During the Liberation War of the 1970s, hundreds of kilometres of minefields were laid in Zimbabwe along its borders with Zambia and Mozambique. Although the war occurred decades ago, its impact is still being felt today – Zimbabwe is one of the most highly mine-impacted countries in the world, with more than 1,550 people estimated to have lost their lives or been injured by mines since the war, and more than 120,000 cattle accidents across the whole frontage since 1980.
The plastic M14 AP mines, which are 40mm tall, 56mm in diameter and extremely difficult to detect, run close to houses, schools and agricultural land, and work to clear these minefields is often undertaken via teams of people on their hands and knees (pictured above).
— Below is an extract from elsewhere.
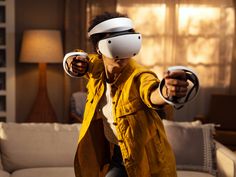 a man wearing a yellow jacket and white helmet playing with a wii mote in his living room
An unlikely partnership was formed more than five years ago between The HALO Trust, a Scottish-based charity that has been demining in Zimbabwe since 2013, and Mining Machinery Developments (MMD), which designs and manufactures material processing equipment for the mining industry. This partnership saw MMD design and fabricate a donated mobile demining sizer rig to the charity, Hazardous Area Life-support Organisation, at the Hillhead show in Derbyshire, UK, earlier this year.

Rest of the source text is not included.